Visualizing and Assessing Sea-Ice Motion Below the Continuum Scale

by Cathleen Geiger, Geography, University of Deleware; Gowri Somanath, Vincent Ly, Chandra Kambhamettu, and Mani Thomas, Computer and Information Services, University of Delaware; and Pablo Clemente-Colón, National/Naval Ice Center

Sea-ice cover in the Arctic is retreating and thinning as global temperatures continue to rise. The rise in temperature may eliminate Arctic sea ice during summer months creating the so-called ice-free summer condition. As the ice thins, its strength weakens. A weaker ice cover will encourage more shipping earlier in the spring and later into the fall, thereby, expanding access through polar seas much longer than ice-free periods. It is these ice-engaging activities that will push the Arctic frontier open for the most opportunistic. Hence, the need to not only monitor how much ice is melting, but how the remaining ice is behaving as a dynamic material under new climate conditions.

Overview of processing method

As a first order approximation, sea ice drifts about 10 km/day and generally follows the isobars of atmospheric pressure fields. These approximations are sufficient when estimating the general circulation of sea ice at scales of 100 km or more. But, to estimate the actual motion, one must track properties of sea ice directly. Since sea ice resides in darkness, roughly half the year, and beneath clouds and fog much of the remaining year, active- and passive-microwave sensors are needed to track ice motion over large areas at regular intervals. Using microwave-frequency instruments, correlation methods identify features in the texture of the ice based on backscatter properties. These methods have been applied to sea ice since the 1990s, with great success down to scales of about 5-10 km in the interior ice pack.
Discontinuities in the ice motion identify the hot spots of dynamic motion. In this context, these are important because they are the locations responsible for sea-ice thickness redistribution. These indicate where open water is exchanging heat between the ocean and atmosphere. The open-water passages provide easy access through pack ice. However, these same open-water areas can close as soon as the wind changes or the ice moves into new regions, constrained by land boundaries or rising sea-floor topography. Discontinuities also identify hazardous navigational areas and vulnerable infrastructure sites. Clearly, such issues require more than scientific inquiry and will need the integration of resources from academia, federal, and industrial partners. One effective approach is to develop new visualization tools at the logistical and tactical scale that track and monitor dynamic ice conditions that impact human activity.

Overview of graphical-user interface and sample product
During the International Polar Year, tools were developed to address some of the geophysical issues (Figure 4). These tools were tested in field studies in the spring of 2007 in the Beaufort Sea using RADARSAT-1 SAR-derived motion products. With results scientifically comparing well to 10-m resolution, telemetry-buoy arrays, the next obvious step is developing an open-source application that the National Ice Center can incorporate into their day-to-day operations to support ice charting, logistics, national security agencies and, search-and-rescue operations in need of tactical decision-making tools (Figure 5). Some of these new developments are being supported by a Department of Defense and NASA-sponsored Arctic Collaborative Environment where open-source tools are shared among interdisciplinary groups. This collaborative environment is essential since no one group has the capacity to solve the enormous integrated set of problems faced as people try to understand, visualize, and operate in rapidly changing environmental conditions at high latitudes.

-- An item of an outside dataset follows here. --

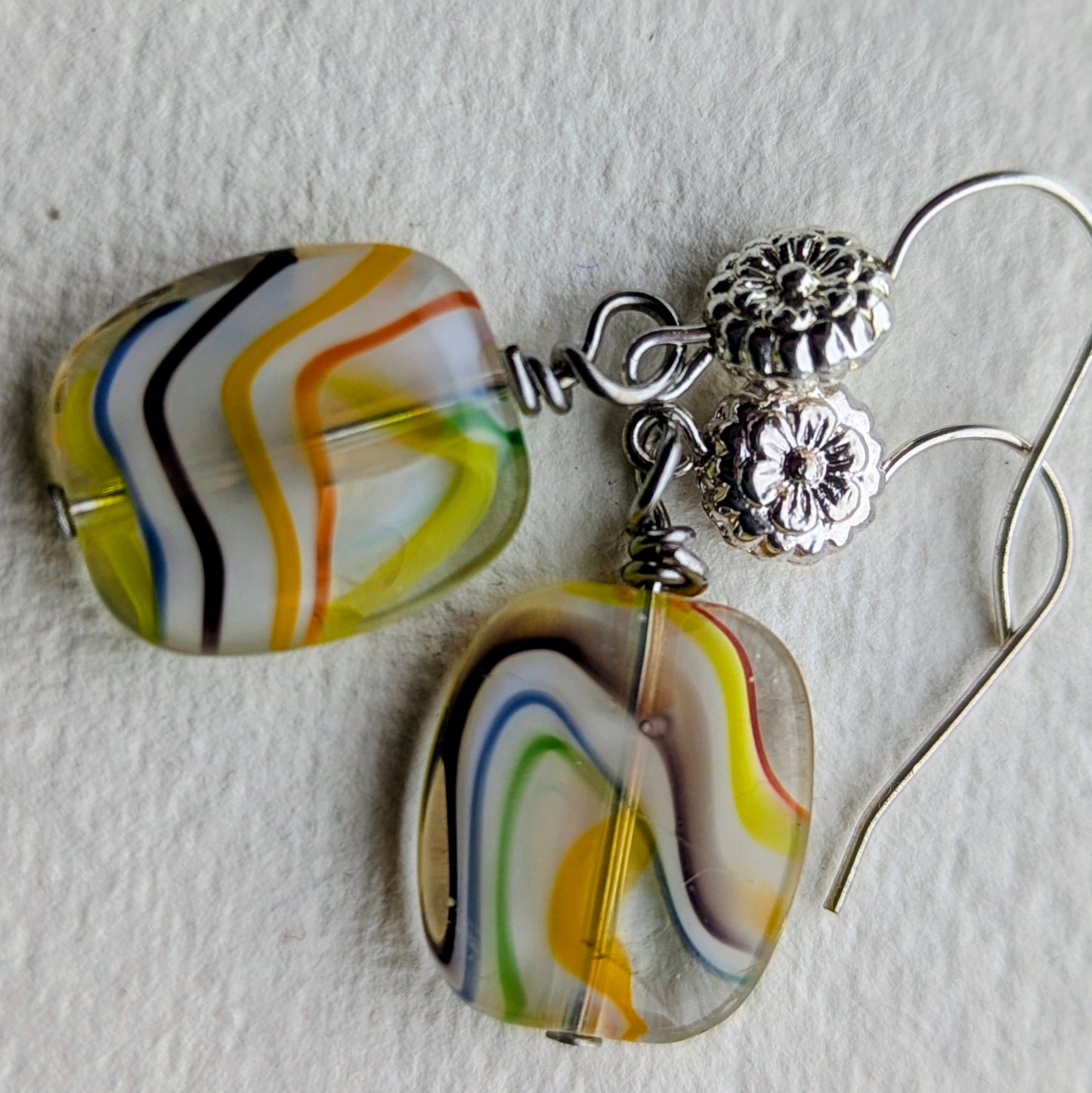 Handmade Multi-Color Swirl Glass Bead Earrings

Because of these current and growing issues, the need exists to characterize not only the motion of ice, but also the uncertainties and scale of each resolved motion value. These two critical parameters of scale and uncertainty are essential to resolving the power-law relationships that connect cascading motion through deformation processes. More testing and development is needed and there are still many important details that need to be addressed before observed ice motion can be ingested into regional forecasts and global-climate models. Identification of discontinuities may prove to be a small, but critical part of what will be required for effective assimilation in support of these larger efforts.